A seleção brasileira feminina de vôlei confirmou presença entre as quatro melhores equipes da Liga das Nações (VNL) 2026. Nesta quarta-feira (22), o Brasil derrotou o Japão por 3 sets a 1, de virada, em Macau, na China, e garantiu vaga na semifinal da competição, mantendo vivo o sonho de conquistar um título que ainda falta em sua galeria.
Depois de perder o primeiro set, a equipe comandada por José Roberto Guimarães mostrou força emocional, cresceu na partida e dominou os dois últimos sets para confirmar o favoritismo diante das japonesas. Agora, o desafio será ainda maior: a Itália, atual uma das principais potências do vôlei mundial, será a adversária na semifinal.
Ana Cristina lidera reação brasileira
O Brasil encontrou dificuldades no início do confronto. Conhecido pela velocidade na defesa e pela eficiência na transição ofensiva, o Japão conseguiu equilibrar as ações e saiu na frente.
A resposta brasileira veio a partir do terceiro set. Com saque mais agressivo, bloqueios eficientes e maior volume defensivo, a seleção passou a controlar o ritmo da partida.
O grande destaque foi Ana Cristina. A ponteira assumiu a responsabilidade nos momentos decisivos e terminou como a maior pontuadora do confronto, com 30 pontos, sendo decisiva para a classificação brasileira. Julia Bergmann também teve atuação consistente e ajudou a manter o nível ofensivo da equipe.
Itália será o próximo desafio
Com a classificação, o Brasil enfrentará a Itália na semifinal da Liga das Nações.
A partida está marcada para sábado (25), em Macau, com horário ainda a ser confirmado oficialmente pela organização. O vencedor disputará a grande decisão no domingo (26).
O confronto promete reunir duas das seleções mais fortes do circuito internacional.
Enquanto o Japão apostava na velocidade e na defesa, a Itália costuma explorar um jogo mais físico, com ataques potentes pelas extremidades da quadra e bloqueio consistente, cenário que exigirá uma estratégia diferente da equipe brasileira.
Renovação mostra resultados
Mesmo sem a capitã Gabi Guimarães, preservada para um trabalho específico de preparação visando o Mundial, o Brasil segue apresentando um desempenho competitivo.
Ana Cristina assumiu o protagonismo ofensivo ao longo da competição.

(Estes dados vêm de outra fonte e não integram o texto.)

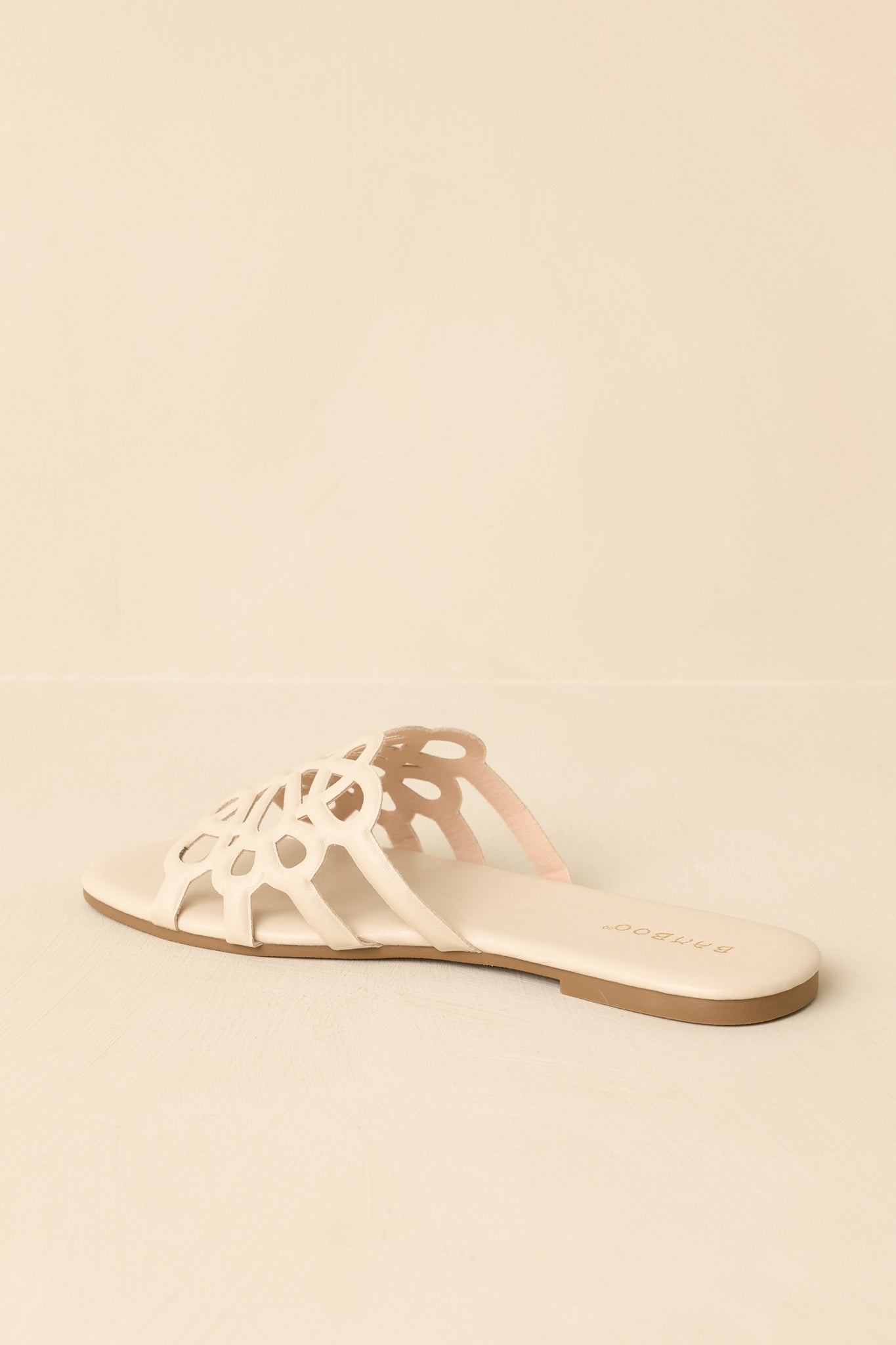 Women's Slip Into Something Pretty Ivory Cutout Slide Sandals | Size: 7 | Red Dress Women's Slip Into Something Pretty Ivory Cutout Slide Sandals | Size: 7 | Red Dress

Julia Bergmann ganhou espaço entre as titulares, enquanto Macris continua comandando a distribuição das jogadas com experiência.
No meio de rede, Carol permanece como uma das principais referências técnicas e emocionais da equipe, contribuindo tanto no bloqueio quanto na liderança dentro de quadra.
A campanha reforça o processo de renovação conduzido por José Roberto Guimarães, que tem integrado jovens atletas ao elenco sem perder competitividade.
Confiança cresce na reta decisiva
A vaga na semifinal representa mais do que uma classificação.
Nos últimos anos, o Brasil sofreu eliminações precoces na fase final da Liga das Nações. Desta vez, a equipe demonstra evolução justamente no momento mais importante da competição.
A atuação diante do Japão reforça a confiança do grupo antes do principal compromisso da temporada: o Campeonato Mundial.
Apesar da comemoração, o discurso dentro da seleção permanece cauteloso. Comissão técnica e jogadoras destacam que o foco agora está totalmente voltado para a Itália.
Onde assistir à semifinal
A semifinal entre Brasil e Itália terá transmissão dos detentores oficiais dos direitos da Liga das Nações, na TV por assinatura e pelo serviço oficial de streaming da competição. O horário definitivo será divulgado pela organização.
ENTENDA O CONTEXTO
A Liga das Nações reúne anualmente algumas das principais seleções femininas do mundo. Depois de uma fase classificatória, as oito melhores equipes avançam ao mata-mata.
O Brasil encerrou a primeira fase entre os primeiros colocados e voltou a enfrentar o Japão nas quartas de final, repetindo um confronto já realizado durante a etapa classificatória.
Agora, a seleção brasileira está a uma vitória da decisão e segue em busca de um título inédito da VNL, antes de concentrar as atenções na preparação para o Campeonato Mundial.